Quem lembra da Lei Feijó na história do tráfico de escravos no Brasil, sabe bem o significado da expressão “Lei para inglês ver”. Quando a referida lei foi promulgada não havia um real interesse de pôr fim à escravidão, na verdade, a proibição de importação de escravos foi apenas uma espécie de satisfação à Inglaterra, então potência econômica, que pressionava o Brasil pelo seu fim.
A Lei de Improbidade Administrativa (LIA), em vigor desde 1992, e suas alterações posteriores, guarda muita semelhança com a Lei Feijó: bons normativos e ideais contra a corrupção, mas pouca eficácia prática. Dificilmente ações de improbidade têm desfechos que favorecem o ressarcimento ao erário, seja pela mora em solucionar os litígios que culminam na prescrição, seja porque os órgãos que detêm legitimidade para propor a ação não possuem instrumentos suficientes que possam provar o ato ímprobo praticado.
No entanto, novos contornos na LIA mostram uma luz no fim do túnel: em 2020 foi aprovado a possibilidade de firmar acordo de não persecução cível em ações de improbidade, transação esta que já era prevista na resolução 179 do Conselho Nacional do Ministério Público desde 2017, mas proibida na LIA. Foi um grande ganho pra sociedade...
Agora, a LIA segue por novos caminhos, com mais algumas alterações batendo à porta, já que o Senado aprovou a supressão da modalidade culposa nos cometimentos de atos ímprobos. Mas fica a pergunta: a responsabilização dos maus gestores, que causaram danos efetivos ao erário apenas em sua forma dolosa, realmente evitará o “apagão das canetas”?
A adoção punitiva restrita à modalidade dolosa não é, necessariamente, sinônimo de impunidade; pode trazer racionalidade e segurança jurídica ao sistema. Muitos administrativistas defendem e afirmam que a possibilidade de sanção também na modalidade culposa – como está posta hoje, antes das alterações aprovadas no Congresso - tem afastado os bons gestores da vida pública.

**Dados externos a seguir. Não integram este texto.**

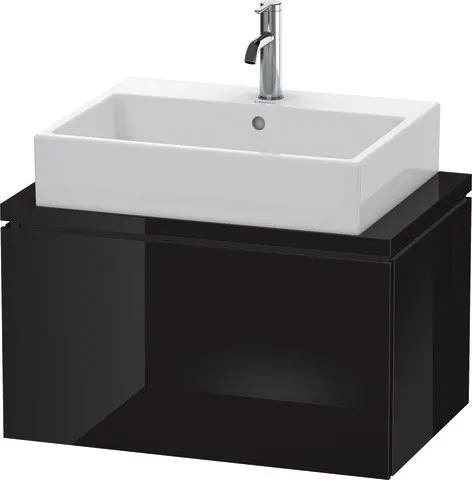 Duravit Waschtischunterschrank wandhängend „L-Cube“ 72 × 40 × 47,7 cm Schwarz Hochglanz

Longe da tentativa de exaurir o tema, e as incontáveis alterações (boas e ruins) que se avizinham na LIA, a real aplicabilidade prática dos normativos, com modelos consensuais de soluções de conflitos e sanções direcionadas para quem cometeu dano ao erário de forma intencional é essencial para o real combate à corrupção, além de direcionar os esforços dos órgãos de controle e fiscalização para o verdadeiro mal que assola a gestão pública.